Isaac Asimov’s Foundation sells to Columbia Pictures for Roland Emmerich

Variety reports that Columbia Pictures (a division of Sony Pictures) won an auction for the motion picture rights to Isaac Asimov‘s Foundation, and they expect Roland Emmerich to direct it. Emmerich and his partner Michael Wimer (both of Centropolis Entertainment) will produce the film. The deal, says Variety, was “for mid-six against low-seven figures.”
As we reported in July, Bob Shaye and Michael Lynne of Unique Features had been planning to develop the property for Warner Brothers. Variety says the surprise deal with Columbia and Emmerich “owes at least a bit to the animosity between Warner Brothers and Fox over Watchmen.”
Vince Gerardis of Created By is the agent for the Asimov estate, and he’ll be a producer of this film, which was originally developed by Fox. Gerardis is also producing the adaptation of Asimov’s The End of Eternity which we announced in November. Variety goes on to say “Fox would have had to be compensated for its development costs. That became a problem for Warner Brothers, and the studio allowed its option to lapse, expecting to quietly make a new deal with a clear chain of rights that would have left Fox and Gerardis on the outside.”
In addition to Gerardis, Creative Artists Agency and Dan Strong of Trident Media were involved in the deal-making.

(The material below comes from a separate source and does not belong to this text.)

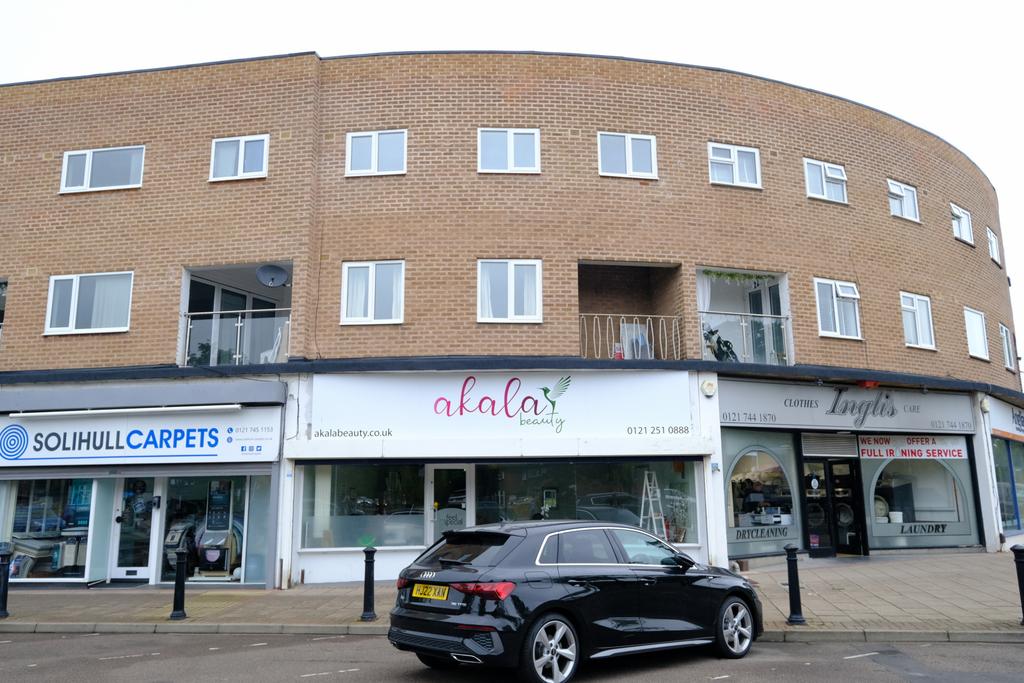 Shakespeare Drive, Shirley, Solihull... 3 bed flat for sale £150,000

Asimov’s most famous series, the original Foundation trilogy, was written first as a series of connected stories which appeared in Astounding Science Fiction in the 1940s (the stories were collected into novels Foundation [1951], Foundation and Empire [1952], and Second Foundation [1953]). The work was Asimov’s adaptation of The Decline and Fall of the Roman Empire, and focused on the impending fall of a galactic empire. In the books, the development of the science of “psychohistory” predicted movements of masses of people over time, and expected to be able to shrink the expected dark ages following the fall from 30,000 years to a scant 1,000. Hari Seldon, the Asimov-analog in the stories, was an aging mathematician when the stories started, and died early in the first book. The series won a special “Best All-Time Series” Hugo Award in 1966.